Sony Expands Sports Solutions Division, Eyes College-Venue Market

Over the past five years, Sony Electronics has developed into a dominant player in professional-sports venues, building HD production facilities at more than 20 pro stadiums and arenas around the U.S. Since the launch of its venue-focused systems solutions division five years ago just as pro venues began making the jump to HD, Sony has seen steady work in collegiate and local sports, but its primary focus has remained on the high-end pro market — until now.

Over the past month, Sony has significantly boosted the size of its sports sales and marketing teams and adopted a more regional structure with an eye on the college, minor-league, and local sports-production markets around the country.

“Pro-sports venues are where we have really seen the majority of the business over the years: MLB ballparks, NFL Stadiums, arenas, etc.,” says Steve Stubelt, VP, strategic business development, Sony Electronics Professional Solutions Division. “We’ve done some college and minor-league stadium and arena work, but that was the exception, not the rule. Now, as we see colleges coming into the market in a big way, that requires us to take a different look at the marketplace.”

A Realigned Strategy
In April, Sony upped its sports-focused sales force from four to 12 regional managers led by National Sales Manager Chris Sullivan, who has been at the forefront of Sony’s sports A/V-systems effort since its inception five years ago.

“Our guys will be able to get out there and be much closer to the customer,” says Sullivan. “Most of them will be within a drive of the customer, rather than hopping on a plane. That is absolutely necessary for a lot of these [colleges and local-sports] customers.”

College Market Jumps Into Spotlight
Though acknowledging that there is still plenty of room to grow in the pro sports market ¾ saying that Sony has penetrated only about 50% of the overall HD pro-sports-venue market thus far ¾ Stubelt sees an invaluable opportunity to capitalize on the rapidly changing college-sports-video scene.

“The [college projects] may not be the same dollar amounts, and [the market] is not as big as professional stadiums, but there are certainly valuable dollars that are there,” he says. “We have always looked at this with the intention that the first few years would be predominantly pro with some crossover into college.

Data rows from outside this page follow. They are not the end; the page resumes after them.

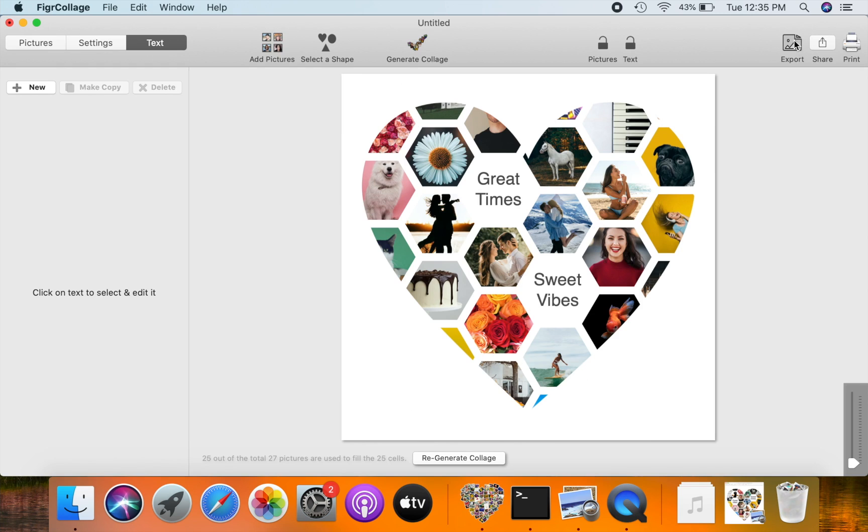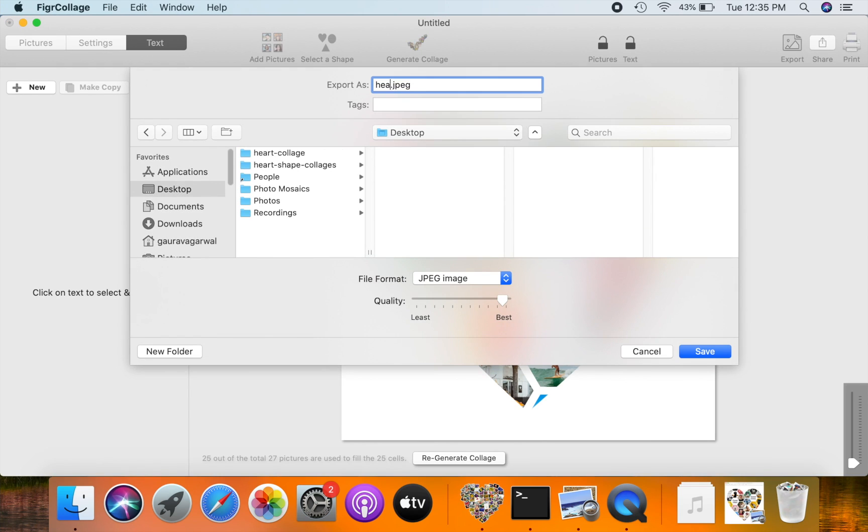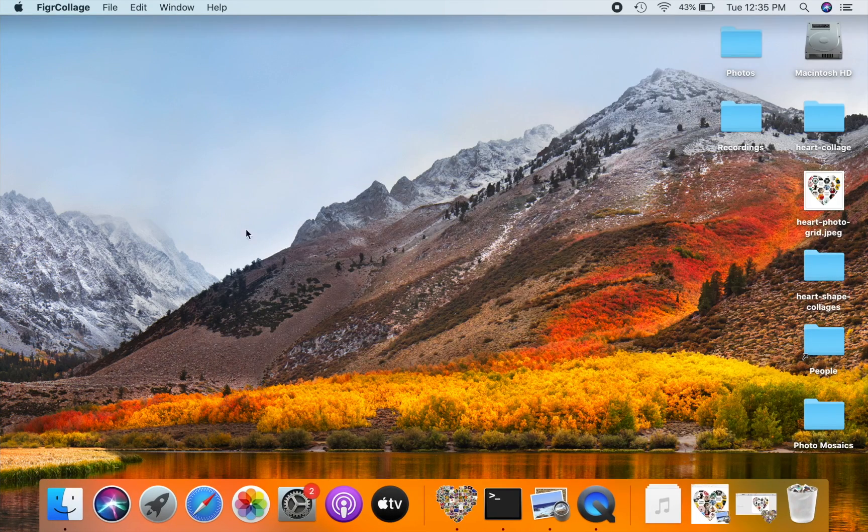Let us export this heart picture grid to a JPG image.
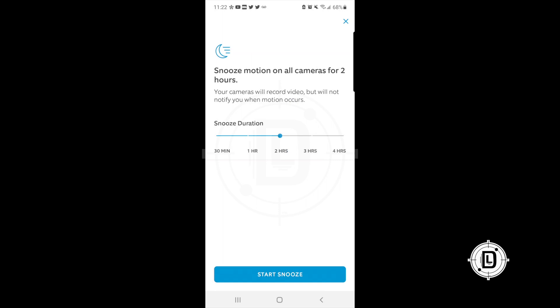Next there's the little moon icon, which is the snooze for your entire Ring system — all cameras at once. If you're having a party, doing construction, or just want to mute everything, this snoozes all cameras together. You can choose from 30 minutes, 1 hour, 2 hours, 3 hours, or 4 hours. After that duration, monitoring resumes normally. You can also snooze cameras individually, but this is for all at once.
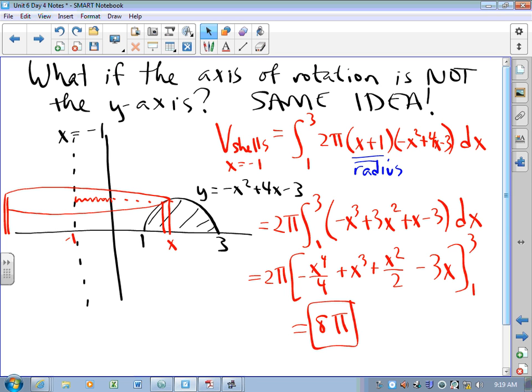Generally speaking, the height is easy. The radius, less so.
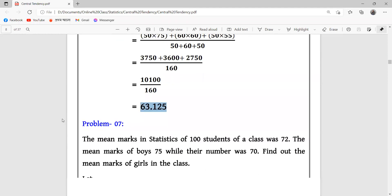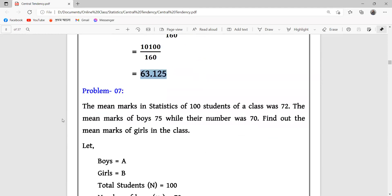Problem seven: the mean marks in statistics of 100 students.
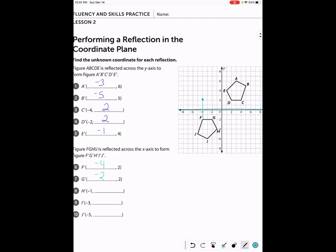If H started at negative one, negative four, it was four units away from the line of reflection, so after reflecting H prime is at negative one, positive four. If I starts at negative three, negative six, once we reflect it I prime is at negative three, positive six. And if J is at negative five, negative five, then J prime will be at negative five, positive five.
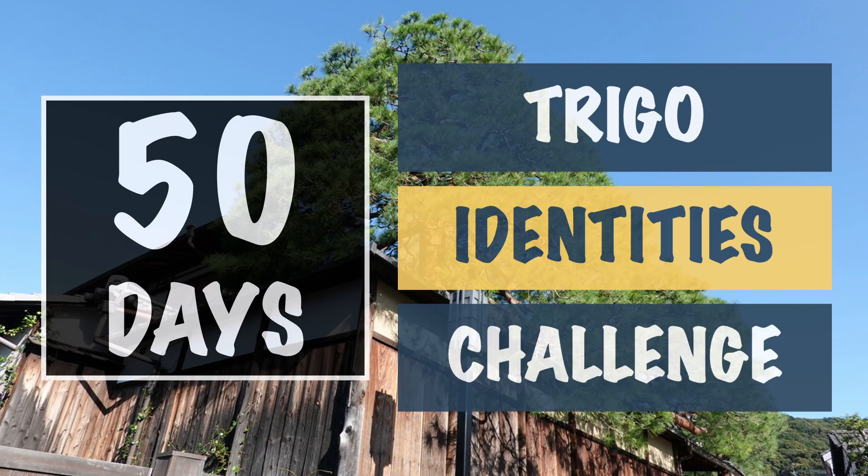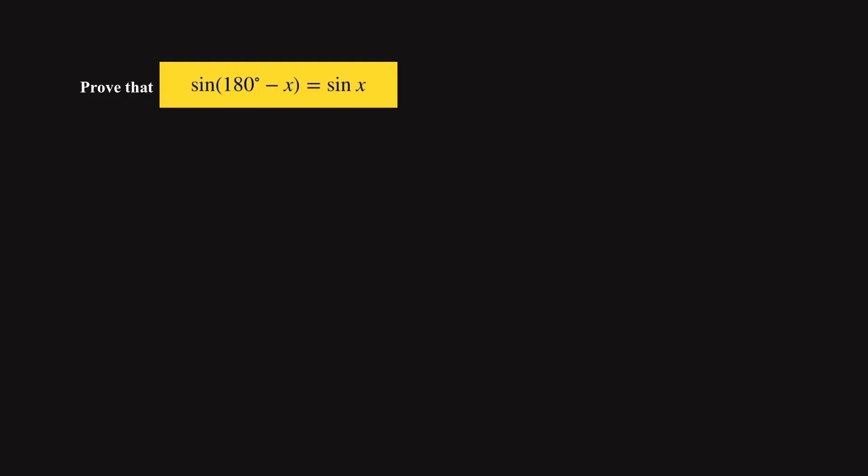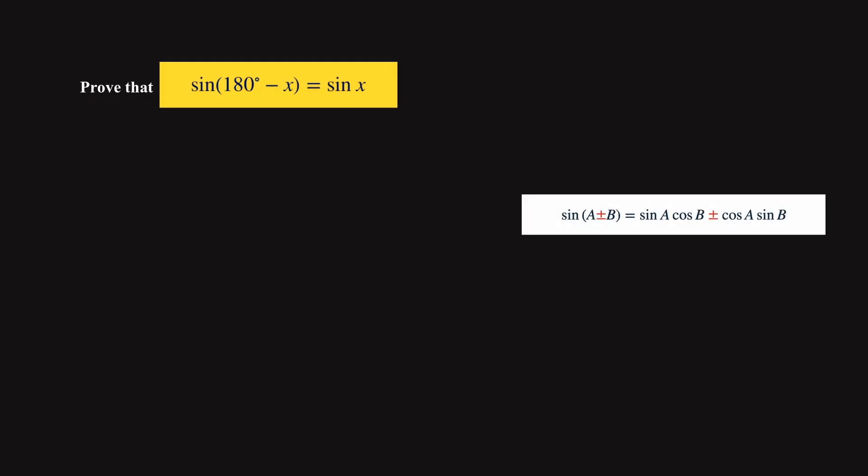From this video onwards, we are going to deal with identities that involve the addition formula. Now how do we know when to bring in the addition formula?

But, in the five years that followed that, we expected a pretty big ramp-up in the college space.

Even before the reorganization, Sony was making some serious strides in the college market, with recent large-scale projects at Penn State University and the University of Georgia. Like many recent HD upgrades at high-profile athletics programs (University of Florida and University of Oklahoma, just to name a couple), the Penn State installation was built around a central control room connected via fiber to several on-campus athletics venues. This “hub-and-spoke” design, as Stubelt calls it, provides connectivity to secondary athletics venues, allowing Olympic sports to gain a level of exposure rarely seen in the past.

Pac-12 Set To Pack a Major HD Punch
Nowhere is this collegiate production growth more apparent than at the soon-to-launch Pac-12 Network, where six regional sports nets and one mother-ship network are currently in the works. Pac-12 Enterprises has tapped Sony to supply the cameras, switchers, and XDCAM solid-state products for this massive undertaking.

“The Pac-12 has 12 universities that have to ramp up for this new exposure that they will be getting ¾ not only for football but for their Olympic sports,” says John Studdert, VP, end-user sales, Sony Electronics Professional Solutions Division. “We want to be closer to that. We will now have someone located right in the Northwest, who will be able to work very closely with the Pac-12 and its universities, as well as the professional and minor leagues.”

The Pac-12 may just be the beginning, however. Reports of a potential SEC conference network begin to surface, and the continued growth of high-priced RSNs around the country could lead to newfound exposure for niche college sports and local-sports programming.

“We believe that some of the sports networks will be looking to increase their coverage outside of Division I teams and into niche markets,” says Studdert. “It could be streaming or on lower-channel packages, but, wherever it is, we need to get there in advance of that coverage. We believe those mid-tier schools are going to become a target for sports networks. We want to be there, and I think we have a great product offering for them.”

More Than Just HD Video
Sony’s realigned sports organization will also look to provide comprehensive systems solutions that go beyond just HD production technologies, such as cameras and switchers. Sony is also expanding its offerings to include IP security and surveillance technologies as well as complete digital-signage networks (displays, networked players, and more). The company has already deployed this approach successfully during the recent upgrade at New York’s Madison Square Garden.

“This is not just audio and video, it’s all encompassing,” says Studdert. “Sony is unique in that way because we have so much to offer.”